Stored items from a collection
Content starts

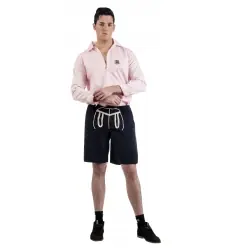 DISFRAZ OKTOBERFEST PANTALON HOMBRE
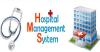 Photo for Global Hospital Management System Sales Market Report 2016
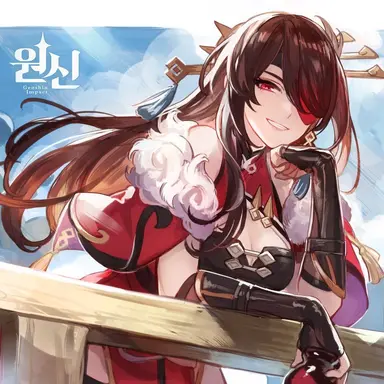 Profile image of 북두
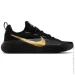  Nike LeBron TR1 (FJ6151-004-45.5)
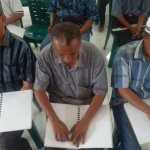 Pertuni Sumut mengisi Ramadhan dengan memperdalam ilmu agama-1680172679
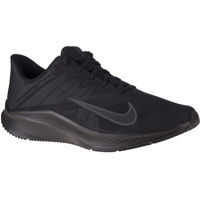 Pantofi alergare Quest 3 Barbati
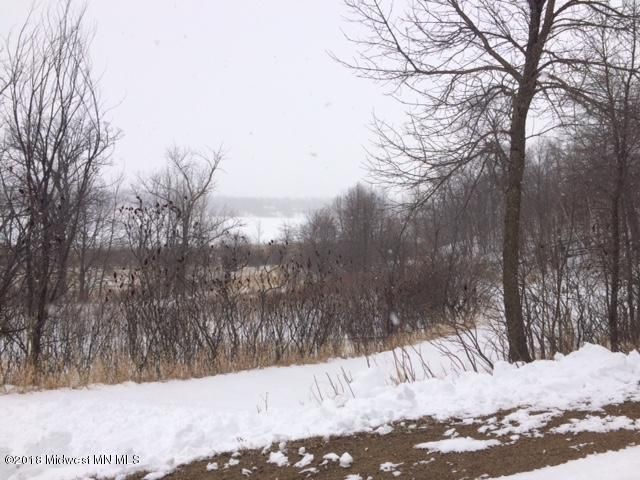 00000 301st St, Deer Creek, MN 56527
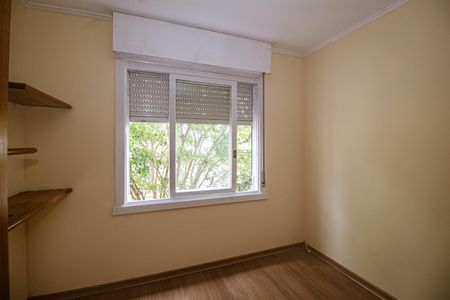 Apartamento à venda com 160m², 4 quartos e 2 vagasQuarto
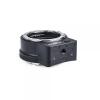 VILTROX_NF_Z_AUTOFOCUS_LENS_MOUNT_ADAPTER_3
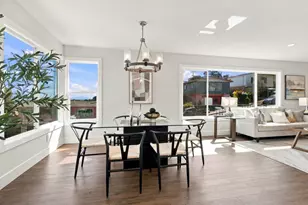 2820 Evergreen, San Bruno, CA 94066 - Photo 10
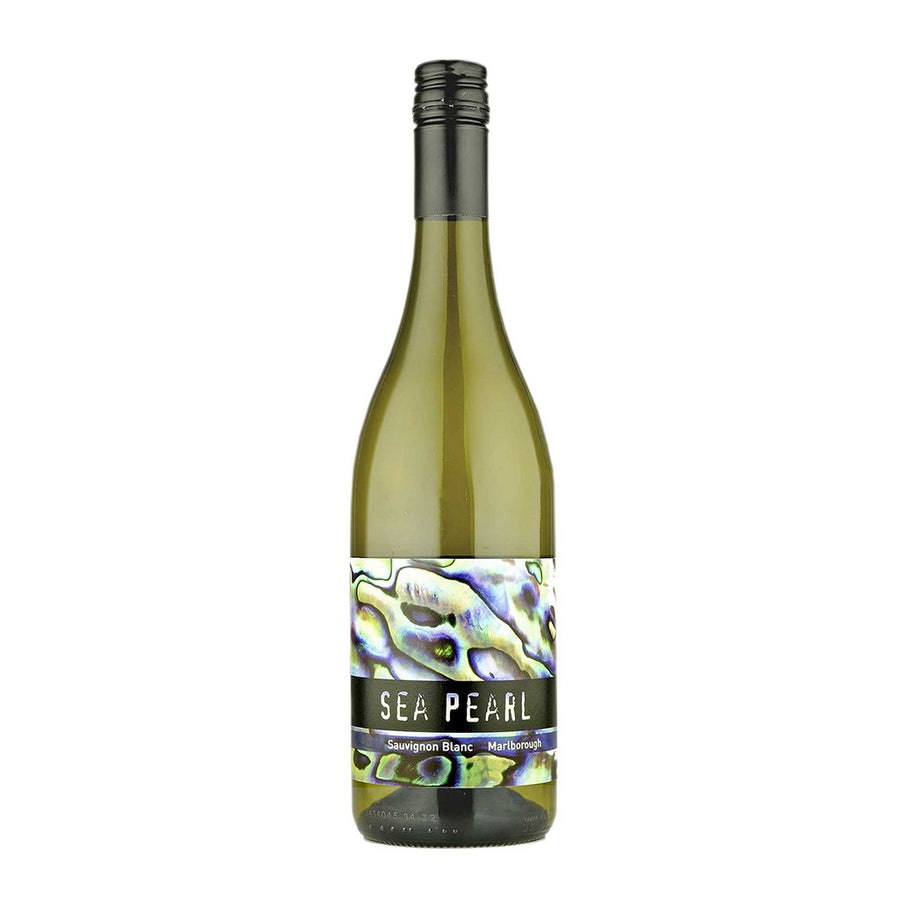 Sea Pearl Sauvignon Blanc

Content ends

Task details:
Extract the run of lines beginning with the line that holds "Pertuni Sumut mengisi" and ending at the last line of the data, inclusive. Exclude any pictures from the copy.

Exercise output:
 Pertuni Sumut mengisi Ramadhan dengan memperdalam ilmu agama-1680172679
 Pantofi alergare Quest 3 Barbati
 00000 301st St, Deer Creek, MN 56527
 Apartamento à venda com 160m², 4 quartos e 2 vagasQuarto
 VILTROX_NF_Z_AUTOFOCUS_LENS_MOUNT_ADAPTER_3
 2820 Evergreen, San Bruno, CA 94066 - Photo 10
 Sea Pearl Sauvignon Blanc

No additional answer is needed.